Metalnerd also sells a head bolt tool for the 2.0 and 1.8.. The picture they have listed is wrong though:
http://www.metalnerd.com/cat05.htm
look for:
Part 18TKIT - DOUBLE Head Bolt Bit KIT for 1.8T ® and 2.0 Gas Engines


----------



## GLI_jetta (Jan 3, 2006)

*Re: (NOLA_VDubber)*


_Quote, originally posted by *NOLA_VDubber* »_








snap-on #10 polydrive bit for vw 20v head bolts

x2 same one i have and currently using!


----------



## ANT THE KNEE (Aug 25, 2000)

*Re: (GLI_jetta)*

Anyone have suggestions on cleaning out the bolt holes? I was going to cut a few grooves in a stock bolt to make a home made chaser sort of


----------



## rseascape (Apr 12, 2017)

*VW Head Bolt Size*

It is a 10MM spline, not Torx


----------



## Meyers (Oct 16, 2015)

*2003 BEA head bolt*

Ok reading thru I am not sure what I have.
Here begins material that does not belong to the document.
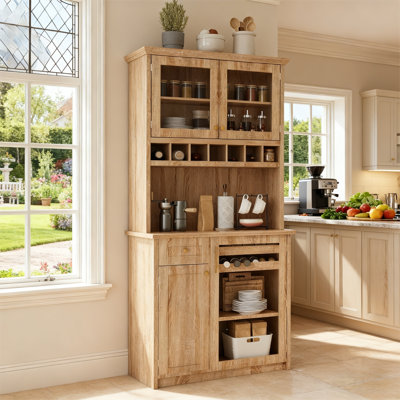 Buffet autoportant de 35,4 po x 17,7 po x 74,8 po avec huche, grand garde-manger avec support à vin et tablettes réglables pour la salle à manger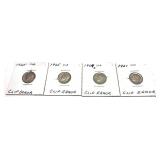 Lot, 4 Roosevelt dime errors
Mine is a 1.8l BEA engine in a 2003 TT quattro. What size tool will I need to remove the bolts


----------



## stevemannn (Apr 17, 2008)

for a TT most likely poly drive, napa sells them , it was fairly cheap


----------



## makeemgofaster (Nov 24, 2005)

I got one at Amazon for $10
https://www.amazon.com/gp/product/B000PH6VLU/ref=oh_aui_detailpage_o05_s02?ie=UTF8&psc=1


----------